Pentul Potrojoyo, menggambarkan abdi kelana sewandana. Dalam pertunjukan sebagai pengganti bujang ganong, pernah digunakan dalam warok suro wijoyo ketika menangkap warok suro wage.
warok, menggambarkan pasukan warok ponorogo. Dalam pertunjukan sebagai pimpinan pawang atau bomoh untuk menyadarkan penari yang mengalami kerasukan.
Musik
Dalam kesenian Barongan kudus terdapat beberapa alat musik tradisional meliputi sebagai berikut:
Selompret
Gong
Kenong
Kendang
Bonang
Pertunjukan
Biasanya, pertunjukan Barongan disajikan dengan sederhana diawali dengan melakukan ritual sesaji, setelah itu tarian-tarian dengan menampilkan seluruh tokoh, setelah selesai akan ditampilkan pertunjukan atraksi kekebalan tubuh dalam keadaan kesurupan atau tidak sadar diri.
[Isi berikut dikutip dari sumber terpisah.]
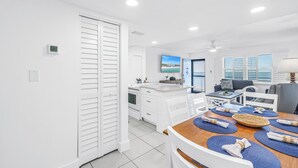 A modern kitchen with white cabinetry, a dining area with blue placemats, and a view of the ocean through large windows. - Sunset Beachfront Bliss
Wake Up to Waves & Gulf Views!
New heated Pool! (Treasure Island)
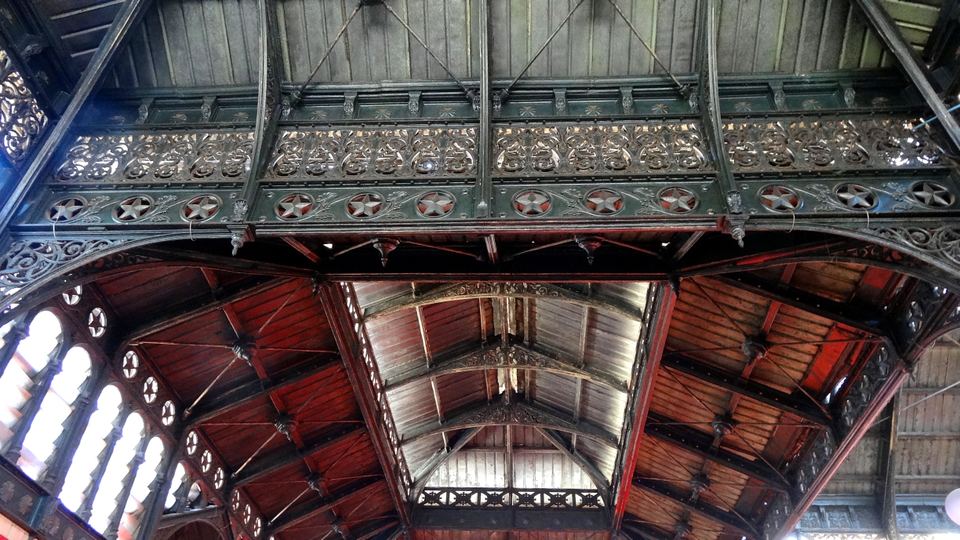 Low angle view looking up at decorative iron arches and wooden ceiling beams.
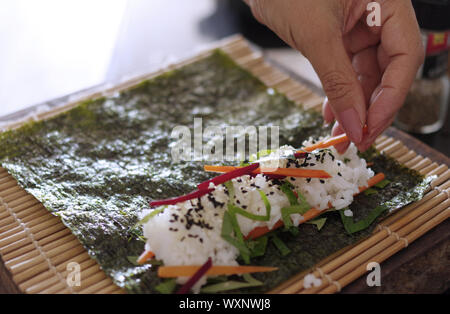 Woman using bamboo rolling mat for home made sushi Stock Photo - Alamy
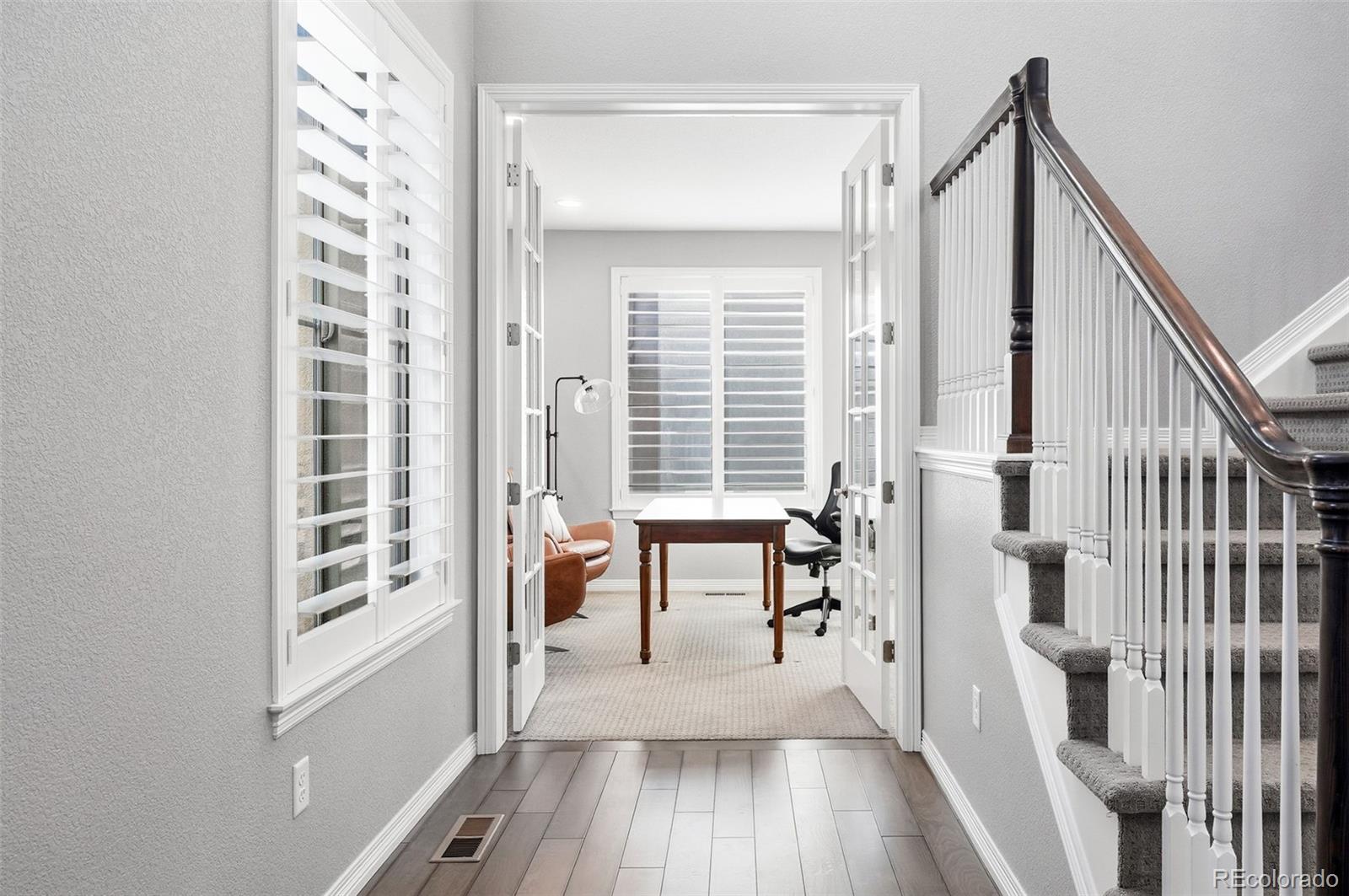 769 Winding Pine Lane Highlands Ranch, CO 80126 - Photo 17 of 50 a view of a hallway with wooden floor and staircase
Dalam Tokoh, Kostum, Musik memiliki hubungan dan persamaan dengan reog ponorogo meskipun berbeda. sama apabila masih berada pada zaman hindia belanda, berbeda karena reog ponorogo selalu melakukan inovasi untuk berbenah dalam budaya lebih maju.[5]
Film
Dalam dunia film nasional, Barongan kudus tampil mengisi bagian dari film yang berjudul Lari dari Blora yang tayang tahun 2007. Barongan kudus pada film ada pada pertunjukan seni budaya di jalan raya kota Blora, hal ini merupakan satu langkah lebih maju dibandingkan barongan blora yang tidak pernah muncul pada film nasional.